22 Dec Thrivikramji in Wichita State University & in Belize
Thrivikramji in Belize (Former British Honduras)
An award of a Fulbright PD fellowship in Aug. 1989, took me to the Geology Department in the Wichita State University (WSU). My immediate host was Bill Full – a Bob Erlich Student from South Carolina State University, who was perhaps the brightest among the third line of mathematical geologists. In fact it was my request to Bob Erlich to permit me to enjoy the PD award in CSU with him, made the door open for me to WSU and with Bill Full. Wichita is in the southern edge or border of Kansas state known for tornados and blizzards. To my own surprise when I landed in Wichita and in the department I realized that my own MS thesis advisor Prof Dan Merriam also was in the faculty at WSU. Interestingly I never saw Dan and Bill even exchanging salutations to each other. Some behavior I thought was only India specific. Yet, the bottom line is that Dan was very much instrumental in university’s hiring Bill as Assistant Professor. Duane Eppler, a contemporary at Syracuse with me, was also a good friend of Bill. Both were groomed into two dimensional shape analyses by Enrlich in the SCSU.

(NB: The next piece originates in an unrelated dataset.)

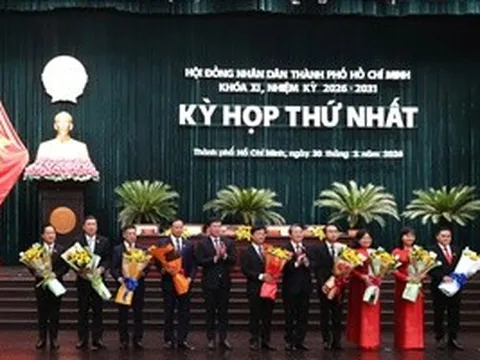 Lãnh đạo chủ chốt HĐND TPHCM khóa mới ra mắt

AT WSU, I had a golden opportunity to learn and practice the art of edge digitizing of the grain images under a microscope, so that the data set could be used as input in a unmixing algorithm based software to discriminate the environment and sources (?) of sand samples based on the particle shape. I had a very nurturing stay in WSU and in the town of Wichita. Wichita sits over a landscape reflecting the basement folds or plains type folding special to Kansan Geology. The Friday evening sessions in the Petroleum Club across the street from the main gate of the university –rather the gate closer to the Geology & Geography building, truly gave an occasion to unwind, rewind and relax over a pitcher of Beer or two. Surprisingly, my friend Bill was a teetotaler, yet he gave a good company for me over his favorite club soda.
My hostel, arranged by Bill, was in another edge of the campus and closer to the Boeing Lab., and had a roofed swimming pool attached to it. I had routinely my lunch at the cafeteria while the other two meals I had in my apartment. Oatbran cereal with skim milk and handful of raisins, juice and milk was sumptuous and indeed mouth watering even these days. When I came back home to Trivandrum, India and checked my cholesterol it was surprisingly only 163 m/dl. See the way the bran cereal enabled that low number.
One Friday, Dan drove me to Univ. of Kansas and especially to Kansas Geological Survey to see face to face John Clement Davis the director of the survey then. We started driving at about 6 am in the morning and before hitting the highway had a breakfast at a truck stop. The breakfasts in the truck stops are only one of the coziest things you may enjoy. But for the fellow truckers, the menu is quite long and attractive. We got to the U of K campus around 9 am. And Dan and me walked straight into John’s office. After the preliminaries, I wanted to go about the multi storey complex that housed the KGS. The office once used by Dr Raymond Moore (remember the Moore of Moore, Lalicker and Fisher-Paleontology text), even that day and now should be standing out there as a living memorial for that great paleontologist. I saw the museum, library and a series of laboratories housed in the complex. In fact the Dept of Geology & Petroleum Geology of the U of K shares the expertise from the Kansas Geol Survey too – A nicest arrangement beneficial to newer generations of Geoscience students.
During fall break, on invitation I joined the team led by Bill to Belize for geological foot work, in central America. Belize formerly known as British Honduras, is a wonderful patch of tropical land (a British colony and a destination for deported convicts from India), with quite a bit of Indian community mainly from north India. The waves of both Pacific and Atlantic Ocean lashed the beaches- more so by the Atlantic. The warm and calm sea on either side attracted hordes of Canadian and American Tourists every summer. The tourist dollar was the primary revenue for the state and provided several thousand mandays of work for the natives- generally colored people.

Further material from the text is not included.